Было бы ошибкой делать отсюда вывод, что монтанизм с необходимостью предполагал подобное учение. Напротив, самая сильная аргументация против этой доктрины исходила от монтаниста Тертуллиана, который в своем трактате против Праксея обвинял этою римского пресвитера в двух заблуждениях:«Он выбросил пророчество и принес ересь; он обратил Утешителя в бегство и распял Отца». Трактат был посвящен критике учении, согласно которому Отец пострадал и был распят; отсюда его позднейшее наименование «патрипассианизм». И именно Тертуллиан уже будучи монтанистом, критиковал учение о тождественности Отца и Сына, которое некоторые из его монтанистских братьев впоследствии использовали в качестве богословского основания своей системы. В монтанистской секте было место дли сторонников обоих направлений тринитарного богословия - до тех пор, пока они не женились второй раз после смерти своих жен.
В любом случае, центральное место в исследовании значения монтанизма для истории учения о Троице принадлежит Тертуллиану. Верно ли утверждение, что «сделанное отдельными приверженцами нового пророчества для богословского выражения учения о Троице не связано с их монтанизмом»? Или правильнее предположить, что монтанизм научил Тертуллиана мыслить об Утешителе в терминах более личностных по сравнению с его ранними произведениями, так что он смог прийти к более метафизическому учению о Троице?
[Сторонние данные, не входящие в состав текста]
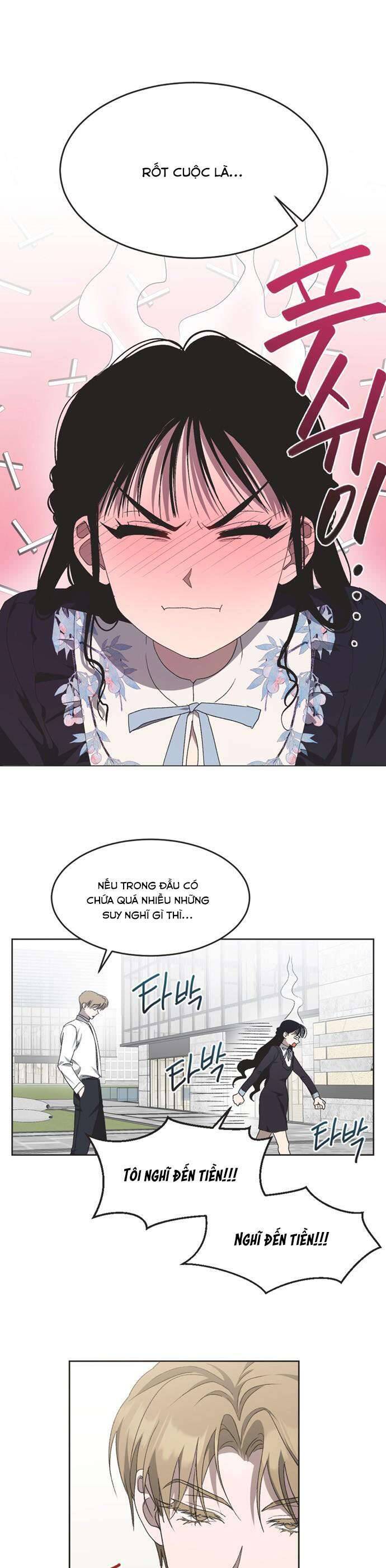 Lọ Lem Không Hoàn Hảo Chap 10 - Next Chap 11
Представляется, с некоторыми оговорками, что вторая альтернатива предпочтительнее, отчасти по чисто хронологическим причинам. В своих ранних сочинениях Тертуллиан склонен акцентировать Отца и Сына в ущерб Святому Духу; с другой стороны, в тех текстах, которые точно относятся к монтанистскому периоду, действительно содержится более метафизическое учение о «Троице» - кажется, именно Тертуллиан был первым богословом, употребившим это слово на латыни. Акцент, в монтанизме сделанный на Духе, объясняет этот сдвиг, который столь настоятельно напрашивался и сам по себе. Таким образом, громадное влияние Тертуллиана на последующую тринитарнмо дискуссию означает следующее: в то время как некоторые монтанисты придерживались наивной формулы Троицы, разделяемой другими христианами, монтанизм Тертуллиана помог ему прийти к прозрениям, с помощью которых Церковь впоследствии продвинулась дальше этой формулы и разработала более последовательное учение о Троице.